I guess, Eric, that's why we talk of people being 'drunk with power'.

He went on to say:

"And if it has reached new levels of lunacy in our own age, as I think it has, then the question becomes: What is the special quality in modern life that makes a major human motive out of the impulse to bully others? If we could answer that question - seldom asked, never followed up - there might occasionally be a bit of good news on the front page of your morning paper."

I'd add that the modern idiom of power is essentially self-defeating in a two-person game in which power changes periodically for reasons beyond the control of those 'in power'. If both players adopt the same approach, each change results in the new powerful overturning the decisions/actions of the previous one but going further in the opposite direction to make it more difficult for their own powerplays to be reversed in turn.

And the loser is - all of us.

Monday, October 27, 2014

More Cracks Appearing

Hot on the heels of John Day's calling for his electors in Kalamunda and Mundaring to be given the right to a poll ( comes Mundaring Shire President, Helen Dullard, saying:

"Our position has always been to remain as is…"

"If forced to merge, amalgamation allowed for a fairer process with both Councils abolished (not just Mundaring), a new Council being elected by the whole district, and the community having the right to a poll".

Dullard actually goes further than Day by saying that amalgamation is the 'fairer process' and not just because it give electors the right to a poll.

This is even more illuminating than Day's statement, as Helen Dullard is a member of the Local Government Advisory Board that made the recommendations and that could, if it wished, have amended the proposal it accepted to define it as amalgamation.

Since the Minister's declaration that conflicts of interest did not apply in the LGAB metropolitan reform process came well before completion of the LGAB's assessments, she was able to mount these arguments but presumably was unable to convince more than one other member.*

* A recommendation of the LGAB requires an absolute majority.
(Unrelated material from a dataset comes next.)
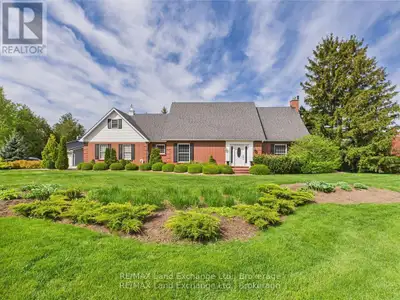 Welcome to Lake Huron Highlands! This charming custom-built red brick traditional home features thre...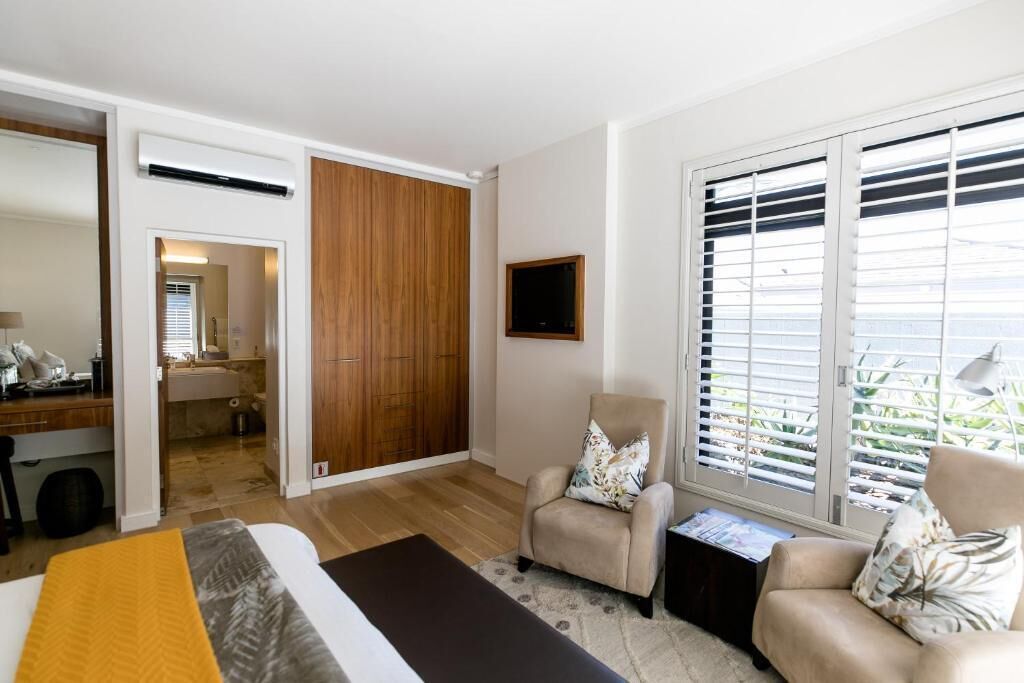 A modern bedroom with a bed, two armchairs, a TV, and a window with blinds.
Since the LGAB has five members, that means three needed to vote for each recommendation.

Community Outrage

Photo: Brian Baynham
About 200 people from across the Perth area gave up much of a sunny Sunday afternoon and came together in Cottesloe yesterday (Sunday 26th October) to take part in a forum on local government so-called reform.

The forum passed, unanimously, three resolutions:

1. That the Premier and the Minister for Local Government be condemned for the chaos, uncertainty and waste of time and money that their pursuit of this reform agenda has created in our councils and local communities.

2. That the Minister for Local Government immediately make available the cost savings to be achieved through amalgamations and boundary changes and the costs to taxpayers and ratepayers of them.

3. That the meeting thank John Day, MLA, for his call for his electors in Kalamunda to be given the opportunity for a poll and asks that all electors in all council areas affected by the proposed changes are allowed to vote on these amalgamations and boundary changes.

Does The LGAB Know What It's Talking About?

Answer: No, if its 'analysis' of newspaper coverage for Vincent/Perth, under community of interest, is anything to go by (p108 of the LGAB report).

If I were the editor or staff of the Perth Voice, I'd be well and truly miffed at the obvious omission.

Pure Sophistry

The latest statement from Homer about why 'boundary adjustment' or 'amalgamation' almost beggars belief.

Whilst it is true that the Minister can only accept or reject the recommendations of the Local Government Advisory Board - although that doesn't apparently prevent his rejecting and then going ahead with something more to his liking, as with the proposed City of Perth Act - the LGAB can and should look at things rather more closely.

The issue should be judged, not on what the proponent describes it as but on what the actual effect is.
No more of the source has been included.